Corker: Senate Democrats Deny American People a Vote on Iran Nuclear Deal
“If the Iranian parliament and the United Nations get to vote on this nuclear agreement, surely the United States Senate should get to vote as well.”
WASHINGTON – U.S. Senator Bob Corker (R-Tenn.), chairman of the Senate Foreign Relations Committee, condemned a partisan effort by Senate Democrats to block a vote on disapproval of the Iran nuclear deal. Earlier this year, 98 senators voted for Corker’s bipartisan legislation to give Congress the opportunity to review and vote on the final agreement with Iran.
“As I have said many times, I believe each senator should vote their conscience on the president’s nuclear deal with Iran, but it is difficult to understand how some can justify to the American people why they would not allow Congress to have a final vote on this consequential issue,” said Corker. “The effort by a minority to deny the American people a voice and a vote is deeply disappointing and quite a reversal after 98 senators supported giving Congress a say over one of the most significant national security issues of our time.
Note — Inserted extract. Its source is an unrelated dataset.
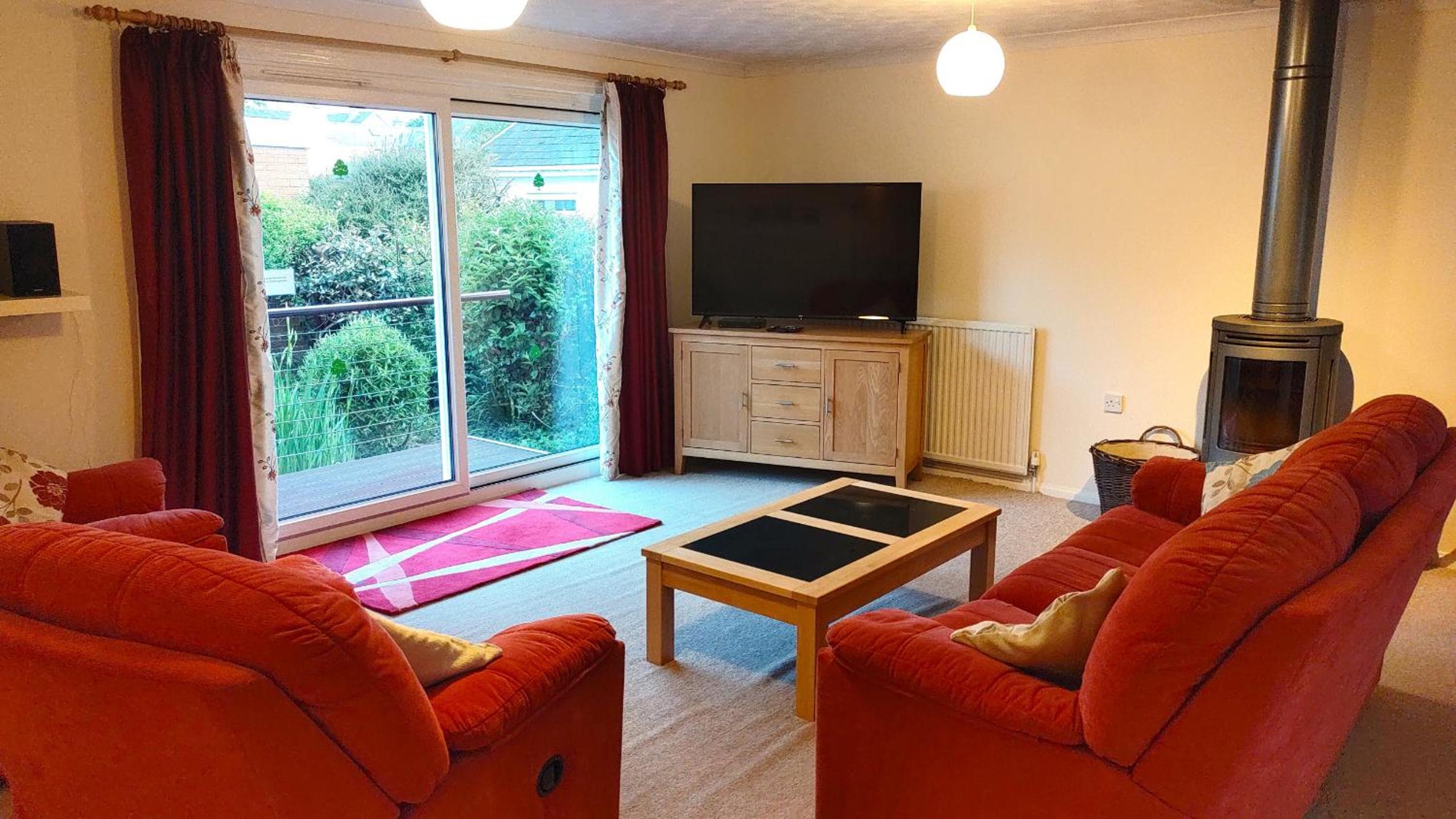 Bungalow photo 1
The fact remains that there is only bipartisan opposition in Congress to the president’s Iran agreement.
“The reason this process was put in place was because the president tried to avoid any congressional review by making this a non-binding executive agreement and took it straight to the United Nations Security Council for its endorsement,” added Corker.
“I would hope my colleagues on the other side of the aisle would reconsider and allow a final vote on the merits of this deal so the people of this country know where we all stand,” concluded Corker. “If the Iranian parliament and the United Nations get to vote on this nuclear agreement, surely the United States Senate should get to vote as well.”